I promised I’d get back to Myers’ comments on the column by S.E. Cupp, and now I am.
Myers starts off by basically saying that he doesn’t think that much of what she says is interesting, but he doesn’t really give any real link to us being able to find out what she’s said before this since he makes no other links. I did find some of her other columns on her own site. The interesting thing is that I had no idea who she was until he mentioned her, so he just basically gave her free advertising.
But let’s move on to the meat of his post:
But reading her latest column, I suddenly realized what she is: she’s the Good Atheist the believers want us all to be like. Good Atheists don’t criticize religion; they praise it and make excuses for it and pine away, wishin’ they had the faith themselves. Good Atheists do criticize atheism and atheists. They work hard to tell the Bad Atheists to shut up and stop making it hard for believers to be comfortable with their superstitions. Good Atheists love C.S. Lewis, and read theologians in their spare time, and marvel at their wonderful insights. Good Atheists follow right-wing politics diligently, and think theocracy might not be so bad, after all; at least the trains would all run on time, and the criminals and foreigners wouldn’t get so much slack, and church-goers are such good and upstanding members of society anyway — we should be encouraging them.
Well, reading the column, she’s certainly sounding like she might be a good atheist to this believer … but for none of the reasons he mentioned above.
First, in her article I don’t think she’s praising religion and wishing she could have faith herself. She basically says that she was impressed by the actual intellectual work her father and others who were religious did and at best wanted to understand what it was she was arguing against. She’s particularly impressed by how her father read atheist works in thinking about his religion. That’s something that anyone who advocates critical thinking should applaud. But, then, Myers doesn’t quote anything of hers, to support his contention so it’s hard to know what he’s referring to there.
Second, well she is criticizing what she calls “neoatheists”. But she’s critcizing them not for not making it comfortable for believers to be superstitious, but for making it hard or impossible for them to examine their beliefs and decide for themselves what to accept. Again, her father made a long “spiritual journey” as she put it and ended up religious. The atheists she criticizes want to stop people from doing that sort of thinking, by declaring — as again, she puts it — that the issue is settled and that only irrational and uneducated people don’t accept that. Basically, she criticizes them for declaring all religious people superstitious without considering how much thinking they’ve put into it … which is exactly what Myers is doing here. Good job.
Third, well, yes, Good Atheists read C.S. Lewis and leading theologians to try to understand what religious people actually think and what the basis of religion really is. This seems to be a critical part of critical thinking. Is Myers really criticizing this?

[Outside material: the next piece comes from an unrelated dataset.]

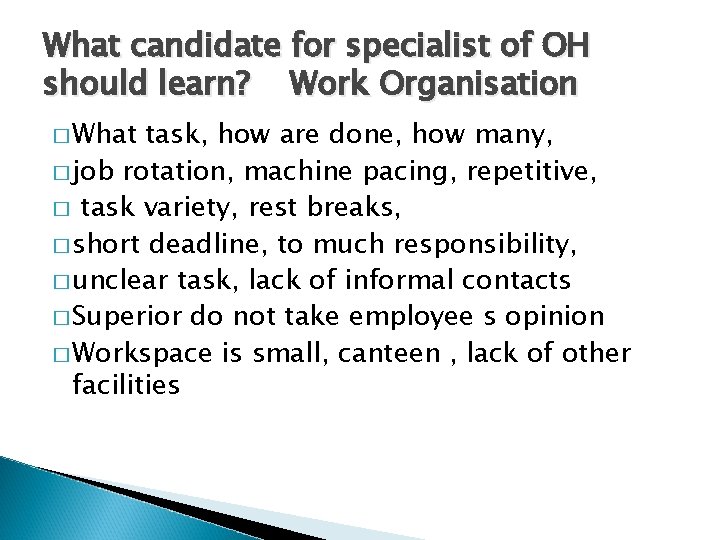 What candidate for specialist of OH should learn? Work Organisation � What task, how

And finally, there’s nothing in this column that indicates that she’s right-wing; I had to go to her other columns — unlinked — to get that. There’s no indication that she wants a theocracy for any of those reasons. And since I didn’t know that she was right-wing, it clearly wasn’t that that made me think that she was a Good Atheist, and Myers gives no evidence or quotes to suggest that that is why anyone would think that that is what makes a Good Atheist as opposed to a bad one.
So, Myers is mainly making up her positions, making up the positions of believers, and when he gets the positions right is railing against things he, by all rights and all of his other rhetoric, should support. It looks a lot like he doesn’t like her because he doesn’t agree with her, which is his right but is hardly an example of critical thinking and rationality.
But wait. It gets better.
“S.E. Cupp has found a profitable niche. She’s the Token Atheist, the Good Atheist, the Beloved Atheist who affirms religion. It’s sweet and creepy at the same time. I don’t know whether to say, “Poor girl — no principles and no mind, a sell-out to status quo” or “Lucky girl — the Christian majority loves her, and she’s going to be raking in the accolades”.”
So, here Myers basically gives up and says “She doesn’t really believe that; she’s just doing it to get accolades/money/whatever.” He claims she has no mind or principles on what basis? That she doesn’t agree with him? That she’s popular with people that he hates and thinks that all atheists should hate, too? Why shouldn’t we claim that his strong atheist stance is just as unprincipled, just a way for him to get attention (which he gets in spades)? It says something about someone when their first reaction to someone who doesn’t agree with them is to accuse them of not really believing what they say.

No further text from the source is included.